Pivoting to a wellness-based approach to industrial development, however, requires research-backed design interventions in the built environment and workplace policies. To do so, the NAIOP Research Foundation commissioned KSS and building consultants BranchPattern to develop a report offering design recommendations that improve occupant well-being in the industrial workplace.
We conducted secondary research, observed conditions in existing distribution centers, and interviewed occupants to collect information on key wellness concerns. We drew from these findings to design a prototype distribution center with elements and features that contribute to a healthier and safer work environment, and whose recommendations can be applied across industrial typologies.
Employers in the U.S. spend $575 billion per year on costs associated with poor employee health, such as loss of productivity due to absences and chronic health conditions, and injuries that result in worker’s compensation claims; similarly, employee turnover in an increasingly specialized workforce is riskier and more expensive than ever. Workplace policies of course play an important role in reducing accidents and injuries in the industrial workplace and maintaining strong employee rentention, but our research shows that effective, human-centric design can also improve safety and worker well-being. It is imperative we understand how to design for the industrial workforce in a way that can increase employee safety, satisfaction, and retention, impact productivity, and meet environmental, social, and governance (ESG) goals. Several environmental conditions can be addressed through design solutions including noise, isolation, identity, dignity, and community.
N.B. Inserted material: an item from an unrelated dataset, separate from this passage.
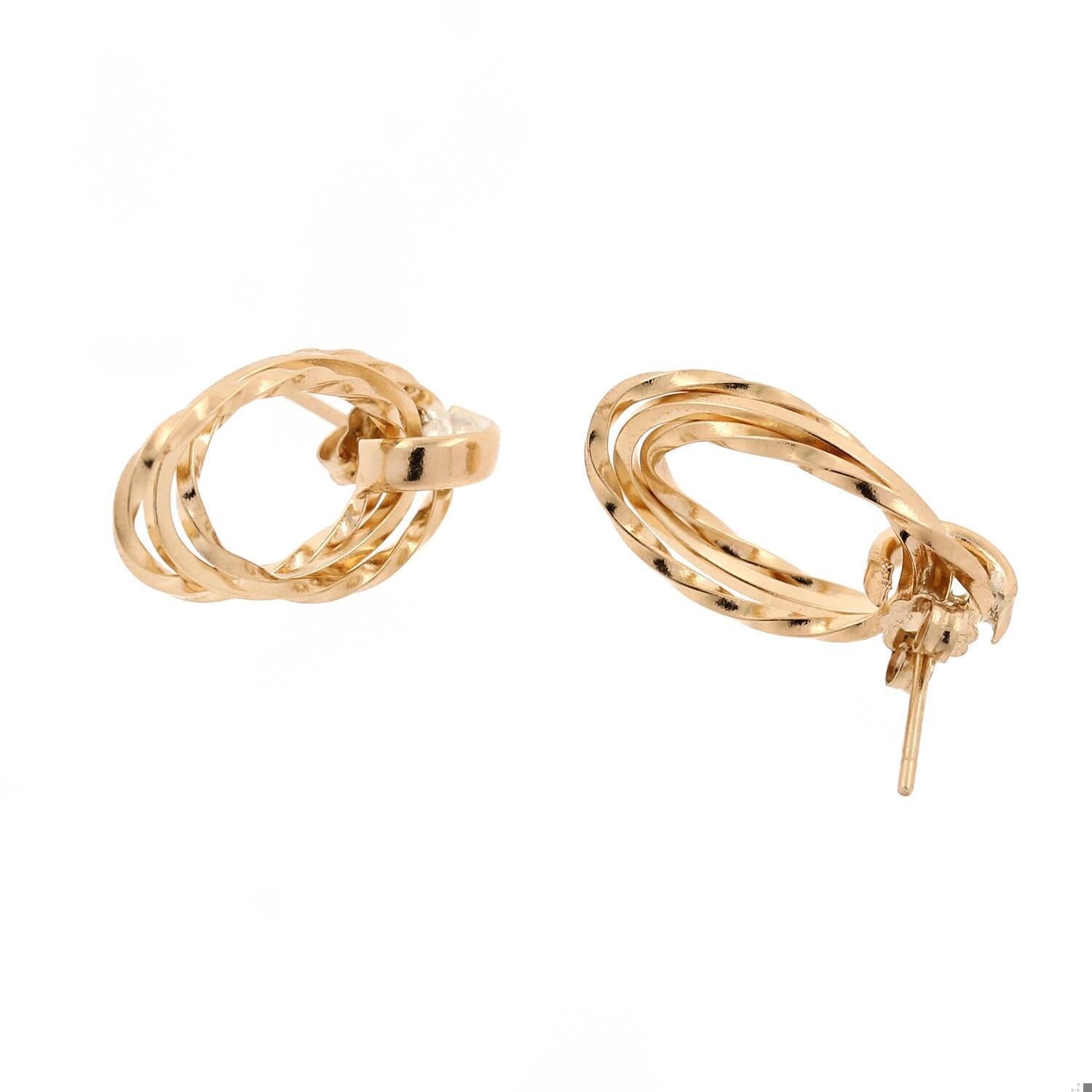 Estate 3-Strand Oval Drop Dangle Earrings 14K Yellow Gold Twisted Cable 0.75"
Using the framework of WELL and FitWel, two highly regarded healthy building certifications , we can establish the impactful categories and wellness objectives for consideration to promote safety, enhance perceived comfort, reduce body strain, encourage proper nutrition and hydration, enhance air quality, support mental and emotional health, instill a sense of belonging, and improve access to transportation and vital services. These wellness objectives serve as the basis of design and guide alterations to existing buildings as well as new development.